This year’s been rather crappy, no? People dying, authoritarian rising, all that jazz. Still, there were enough tunes throughout these 366 days that I could put up my yearly list. So, onwards with the Top 5 (would love to know your favorite albums from this year, btw).

Rihanna – Anti

The best way to describe Anti is that it’s Rihanna’s mirror, a subdued personal whisper with her best vocal work to date. There is the kind of Rihanna you expect from in “Work” and its ability to spill dancehall into the club. But this is a full-listen album. What starts with the electro-cool of “Consideration” ends with the intimacy in the ballad “Closer to You”. The ride between is Rihanna is her badass and vulnerable par excellence worth a good listen.

Anti is a departure to her normal work, that’s undeniable. There’s electro-R&B cuts like “Needed Me” and “Desperado” There’s also the ambition in putting a Tame Impala song on the album and melding it into superbly in “Same Ol’ Mistakes”.

Favorite Song: “Love on the Brain” pushes Rihanna’s voice to her full potential. The spirit of doo-wop and heartbreak conjure this constant shift between a vulnerable hush and despondent howl.

Flume – Skin

His debut was vibrant, the soundtrack of nighttime wonderland and the festival grounds rumbling with sonic glee. Skin brings Flume into another territory, a richer sound that uses the mix of garage, pop and hip-hop sensibilities, making a richer sound than can be expected from a dance album. It’s ethereal and glitchy at times (“Take A Chance”), and brusque and dreamlike in others (“Wall Fuck”).

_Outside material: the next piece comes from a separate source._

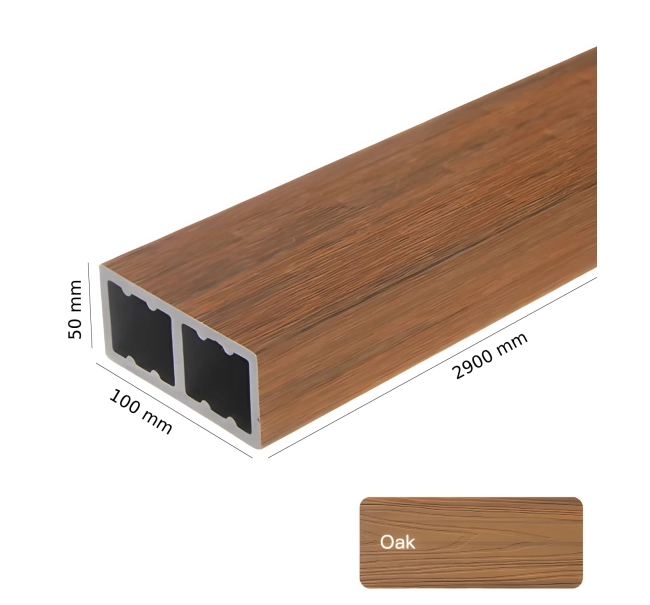 WPC timber tube LT-04A, 3D grain wood, AURORA, 100x50x2900 mm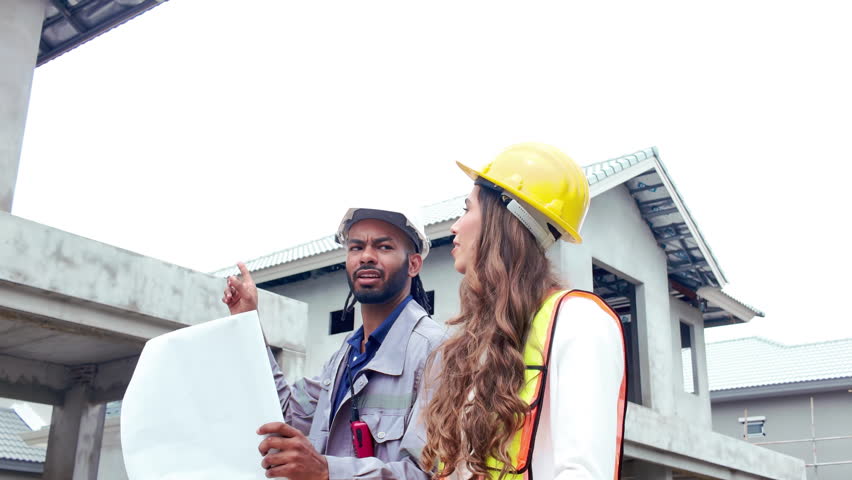 Hispanic man and Latin woman wearing safety helmets standing at construction site, checking blueprints and discussing project progress with confidence.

He takes R&B-infused bass and uses it to make a glitched-out love song in “Say It”. A proof of that previously mentioned juxtaposition is in Kučka’s quiet by hypnotic voice mixed with Vince Staple’s verses in “Smoke & Retribution”.

Favorite Song: “Never Be Like You” is Flume’s attempt at an R&B jam mastered to its finest point. Kai’s voice moves between breathless and immediate, bringing her lyrics of forgiveness the right levels it needs.

 

A Tribe Called Quest – We Got It From Here… Thank You 4 Your Service

So many hip-hop albums were already crowned AOTY by the time ATCQ released We Got It From Here… but it’s fashionably late release still went toe-to-toe with some of the biggest albums of the year. It’s tough to make a rap album with the bloated socially conscious rap scene that exists today. Q-Tip, Jarobi White and the late Phife Dawg were not held back by this and still made song after song that mirrored the topics of black America over Q-Tip’s signature beats.

And the beats are interesting. They’re modern but are still made from the DNA of the golden age of hip-hop. Does it make it dated? Perhaps, but compare the work on a song like “Melatonin”, which has a vibe similar to those from previous albums, to “Solid Wall of Sound,” which meshes Elton John and Jack White into this trippy space filled with pseudo-patois rhymes. There are so many songs that retain the spirit the group has had since its beginning but don’t sound like they’re phoning it in.

Favorite Song: “We The People…” is perfect “fuck your gentrification” hip-hop. I can sound a bit on-the-nose but that’s the way Tribe’s always been. Q-Tip and Phife trade verses laying out the problems people of color have are having at the moment, over a simple drum-and-bass ride, and it works so goddamn well.

Savages – Adore Life 

Never has an album talk about the vulnerability of love sound like it’ll kick you in the face. The London quartet laid bare what it means to love and live as a woman in this world but in a harsh, somber sound. They’re love songs set to the tune of the roses on fire.

Jehnny Beth’s pervasive goth-like haunting captures the dark romanticism, while Gemma Thompson’s and Ayse Hassan’s post-punk burn provide the engine for Adore Life‘s ominous voice. Fay Milton’s drum work brings the necessary urgency on songs like “Evil” and “Sad Person”.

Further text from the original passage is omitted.